May 08

Blender: how to change animation frame rate?

Category: Linux,multimedia,Software   — Published by goeszen on May 8, 2021 at 8:04 pm

Did you ever finish an animation only to learn then that you've worked at a "project frame rate" of 24 frames per second but you needed to render out to 25 frames/seconds or even 30fps, 60fps? Well that's a common problem, as Blender is frame based not time based. That means, your animation and its "timing" is bound to how many frames there are in one second.

There are numerous articles and texts (here here here) that will tell you that you'll need to "re-scale" your key-frames/markers/graph nodes on the time line after doing the math of how many frames your original animation has vs. how many frames the final animation would need. And while that is true and is somehow the "manual way" of doing it and the only real way (I know of) of actually changing the .blend file's frame rate without changing the timing of your animation (If you simply change the frame rate in render output buttons you will either speed up or slow down the resulting output animation.)... There's another EASIER way:

Time Remapping

Time Remapping to the rescue!

Because... wait! There's a great thing called "Time Remapping" in Output Buttons (see image above). In this screenshot I've exchanged the default 100:100 with 24 to 25 - which means the original "time unit" equals 24 but the resulting "time unit" should equal 25 - here effectively the ratio of original vs. target fps, meaning "my original wrong time base, blender, please correct it to 25".

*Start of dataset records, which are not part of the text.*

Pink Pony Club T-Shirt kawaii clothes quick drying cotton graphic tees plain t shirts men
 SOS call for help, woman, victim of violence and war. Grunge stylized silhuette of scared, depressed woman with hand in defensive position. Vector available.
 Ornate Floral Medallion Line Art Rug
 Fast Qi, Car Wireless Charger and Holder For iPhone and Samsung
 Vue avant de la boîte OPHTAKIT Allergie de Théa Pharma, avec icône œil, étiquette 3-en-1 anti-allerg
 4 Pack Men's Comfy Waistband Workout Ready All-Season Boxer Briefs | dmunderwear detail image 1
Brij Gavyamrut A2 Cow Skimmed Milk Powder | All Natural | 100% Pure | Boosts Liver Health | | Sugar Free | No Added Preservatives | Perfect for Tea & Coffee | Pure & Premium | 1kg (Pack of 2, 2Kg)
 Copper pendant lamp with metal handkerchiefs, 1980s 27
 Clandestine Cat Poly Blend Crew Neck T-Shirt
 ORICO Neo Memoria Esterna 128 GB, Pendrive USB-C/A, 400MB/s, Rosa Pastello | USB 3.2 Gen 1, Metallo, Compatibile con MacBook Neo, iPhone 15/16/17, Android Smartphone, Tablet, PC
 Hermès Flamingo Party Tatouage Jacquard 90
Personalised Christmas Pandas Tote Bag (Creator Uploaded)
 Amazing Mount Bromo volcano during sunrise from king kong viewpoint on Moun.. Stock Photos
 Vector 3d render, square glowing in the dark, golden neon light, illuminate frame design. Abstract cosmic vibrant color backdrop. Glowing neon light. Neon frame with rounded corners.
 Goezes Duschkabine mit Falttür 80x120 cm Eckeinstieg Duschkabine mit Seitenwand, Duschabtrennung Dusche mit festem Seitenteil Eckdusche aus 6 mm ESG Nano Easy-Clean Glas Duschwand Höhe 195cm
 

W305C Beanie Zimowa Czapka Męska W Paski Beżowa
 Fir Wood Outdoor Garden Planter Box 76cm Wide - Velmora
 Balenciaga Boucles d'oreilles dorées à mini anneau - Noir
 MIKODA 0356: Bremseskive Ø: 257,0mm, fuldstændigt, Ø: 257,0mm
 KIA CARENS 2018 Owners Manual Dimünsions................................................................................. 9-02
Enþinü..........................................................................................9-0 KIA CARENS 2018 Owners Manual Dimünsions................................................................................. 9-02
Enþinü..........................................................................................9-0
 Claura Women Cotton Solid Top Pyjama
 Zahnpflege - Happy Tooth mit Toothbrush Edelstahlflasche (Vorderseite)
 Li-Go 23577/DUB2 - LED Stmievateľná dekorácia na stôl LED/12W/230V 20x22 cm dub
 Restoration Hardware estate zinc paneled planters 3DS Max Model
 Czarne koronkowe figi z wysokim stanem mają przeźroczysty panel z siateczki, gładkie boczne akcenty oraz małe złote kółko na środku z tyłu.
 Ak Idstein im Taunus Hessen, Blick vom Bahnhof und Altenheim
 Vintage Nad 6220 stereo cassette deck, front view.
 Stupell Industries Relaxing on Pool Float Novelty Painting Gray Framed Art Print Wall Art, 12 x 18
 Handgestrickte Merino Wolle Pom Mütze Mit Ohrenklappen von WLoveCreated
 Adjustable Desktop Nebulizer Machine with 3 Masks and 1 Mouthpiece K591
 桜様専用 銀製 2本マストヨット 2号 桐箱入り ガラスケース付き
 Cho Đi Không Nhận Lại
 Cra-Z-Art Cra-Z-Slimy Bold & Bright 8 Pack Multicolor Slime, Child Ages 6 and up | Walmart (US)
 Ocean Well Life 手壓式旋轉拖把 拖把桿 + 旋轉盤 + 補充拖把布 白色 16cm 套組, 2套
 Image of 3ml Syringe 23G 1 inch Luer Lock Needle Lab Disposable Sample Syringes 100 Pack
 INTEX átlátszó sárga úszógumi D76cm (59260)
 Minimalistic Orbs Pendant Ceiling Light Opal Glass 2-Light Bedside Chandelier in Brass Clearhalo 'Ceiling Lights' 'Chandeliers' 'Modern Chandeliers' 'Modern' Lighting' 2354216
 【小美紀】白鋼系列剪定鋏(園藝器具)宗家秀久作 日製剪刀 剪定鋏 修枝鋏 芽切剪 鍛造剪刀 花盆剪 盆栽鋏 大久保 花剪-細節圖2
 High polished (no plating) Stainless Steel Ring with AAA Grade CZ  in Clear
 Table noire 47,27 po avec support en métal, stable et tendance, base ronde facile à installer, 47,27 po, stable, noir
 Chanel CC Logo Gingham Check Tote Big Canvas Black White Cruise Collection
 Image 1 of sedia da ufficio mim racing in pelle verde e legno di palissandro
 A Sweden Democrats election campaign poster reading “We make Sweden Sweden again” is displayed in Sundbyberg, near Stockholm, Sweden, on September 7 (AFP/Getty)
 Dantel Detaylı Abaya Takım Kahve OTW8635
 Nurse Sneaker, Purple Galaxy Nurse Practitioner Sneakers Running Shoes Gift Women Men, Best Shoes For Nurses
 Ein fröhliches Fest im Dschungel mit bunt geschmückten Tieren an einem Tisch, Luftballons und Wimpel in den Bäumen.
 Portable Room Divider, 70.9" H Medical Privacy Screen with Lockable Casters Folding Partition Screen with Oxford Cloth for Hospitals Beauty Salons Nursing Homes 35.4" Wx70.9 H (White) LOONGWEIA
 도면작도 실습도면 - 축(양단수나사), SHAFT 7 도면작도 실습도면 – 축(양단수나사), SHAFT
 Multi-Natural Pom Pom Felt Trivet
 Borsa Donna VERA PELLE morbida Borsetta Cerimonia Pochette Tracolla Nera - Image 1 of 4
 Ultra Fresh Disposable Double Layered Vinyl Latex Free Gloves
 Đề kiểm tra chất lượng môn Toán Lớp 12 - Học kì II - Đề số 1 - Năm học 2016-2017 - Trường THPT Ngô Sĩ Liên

graph editor cursor offset

The result or effect this has is that in the graph editor, the "now" cursor, which you've come to know to always stick to the blue "current frame number" bubble will now be offset from this blue bubble. Take a look at the above screencap: I've set the mark (the vertical blue line) at frame 1200 but the actual "output frame number" (in the bubble) is 1250. 1200 frames that's 50 seconds worth of video/animation @ 24fps. Yet 50 seconds at 25fps is 1250 frames - which would be the correct target animation length at 25fps. Got it?

One downer is that having a custom time remapping map in place will not alter the frame-rate of outputted video files. Blender's encoder will still write an .avi, .mp4 or similar video file with a "baked in" frame-rate of 24fps (in my example here). That's not what you'd need. So you can actually only render to still images and then make a properly framerated video (is "framerated" a word?) video in a second, separate step. (but rendering animations to stills is actually Blender's suggested workflow anyway)
Also you'd need to modify your target "Frame Start - Frame End" to actually end after 1250 frames (instead of 1200, in my example) or the end of your animation will be truncated.

Finally, note for the future that it's best practice to decide upon your target frame-rate BEFORE you start animating your project. This way, you don't have to change time mapping or re-scale your dope sheet/animation keyframes afterwards.